Westfalen-Blatt: Das WESTFALEN-BLATT (Bielefeld) zu Kießlings Phantomtor
Bielefeld (ots)
Dem Richter gefällt das Urteil nicht, dem Justitiar des Deutschen Fußball-Bundes auch nicht, 1899 Hoffenheim sowieso nicht. Und auch Leverkusens Sportdirektor Rudi Völler ist nicht ganz wohl in seiner Fußballer-Haut. Dennoch bleibt es dabei: Stefan Kießlings Phantomtor ist jetzt ein richtiges. Mit DFB-Siegel.
Berufen haben sich die Entscheider gestern auf die sogenannte Tatsachenentscheidung. Verkürzt ausgedrückt: Was ein Schiedsrichter entscheidet, ist immer richtig. Gut, wenn hinter dessen Rücken zum Beispiel ein Spieler von einem anderen bespuckt wird und Fernsehbilder das beweisen, dann darf nachträglich noch eine Strafe ausgesprochen werden. Aber bei einem gegebenen Tor geht das nicht. Das verstehe, wer will.
Nun ist es ohne Frage gut, dass Regeln auch vom weltgrößten Sportverband angewendet werden. Doch zum einen hatte der DFB im Fall Helmer/München/Nürnberg schon einmal eine Ausnahme gemacht. Und zum anderen: Ist es dem größten Fußballverband der Welt verboten, offensichtlich unsinnige Regelungen zu ignorieren oder auf ihre Änderung zu drängen?

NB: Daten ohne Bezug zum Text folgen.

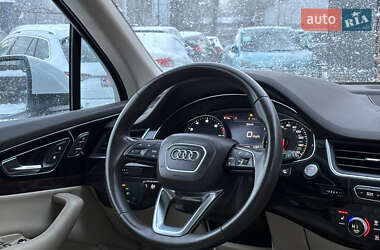 Внедорожник / Кроссовер Audi Q7 2017 в Стрые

Die Herren vom Weltverband Fifa berufen sich gerne auf die Tradition des Fußballs und seine Universalität. In Tahiti müsse nach den gleichen Regeln gespielt werden können wie in England, Spanien oder Deutschland. Nun findet aber, um beim Beispiel zu bleiben, der Fußball in Tahiti in einem ganz anderen Umfeld statt als in Deutschland. In der Bundesliga, der 2. Bundesliga und der 3. Liga gibt es bei jeder Partie TV-Kameras. Warum werden die Bilder in strittigen Fällen nicht genutzt?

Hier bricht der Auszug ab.